5.1 Introduction — DB overview

Applications of DBs and Data Systems
Properties of general DBs, special-purpose DBs, data lakes
Unpack a DB: Example of a mobile game using a DB
- For Whom and Why?
- Sample data architectures
Goal of standard databases
- Platform to store, manage data (read/learn/modify) —> supporting scale/speed/stability/evolution…
Goals of special databases
- DBs are often optimized for key use cases
  - store current data (e.g. lot of leads)
  - optimize historical data (e.g. logs)
  - run batch workloads (training)
Data System “v1” on cloud
1. log user actions
2. store in DB, after ETL
3. run queries in a peta scale analytcis system (BigQuery)
4. visualize query results

KEY CONCEPTS
- Data is stored in Blocks (aka “partition”)
- Sequential IO is 10x-100x+ faster than “many” random IO
  - e.g. 1 MB (located sequentially) versus 1 Million bytes in random locations
- HDDs/SSDs copy sequential “big” blocks of bytes to/from RAM

*Note: WHY are they different?

Total time to ReadData = Access Latency * M + DataSize / ScanThroughput

Clouds of Machine

Logical data independence —> we can add a new column or attribute w/o rewriting the application.
Physical data independence —> you should NOT care which disks/machines the data are stored on.

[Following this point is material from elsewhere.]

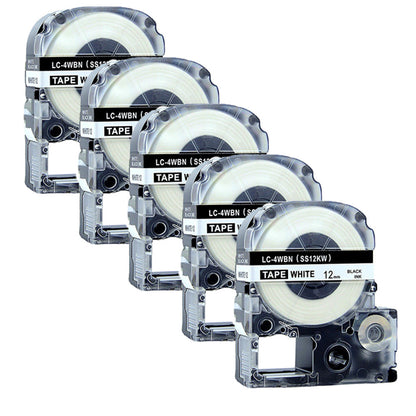 5 Piece Compatible with Epson KingJim LK-4WBN Label Tape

Relational model (aka Tables)
- simple and most popular
- elegant algebra (E.F. Codd et al)
- Structured data (e.g. a typed Schema)
Hierarchical model (aka JSON-like Tree)
- semi-structured data
Example on Tradeoffs
- Key “CS” ideas:
  - structured, or semi-structured w/ lots of optional fields?
  - how deep is the tree structure?
  - what kinds of queries and updates do you want to run? (e.g. customer-oriented queries? Purchase-oriented queries?)
  - Rough rule of thumb
    - Relational: Google Ads
    - Hierarchical: document search. Lots of optional fields? many levels deep. Mostly search oriented around the top level of doc.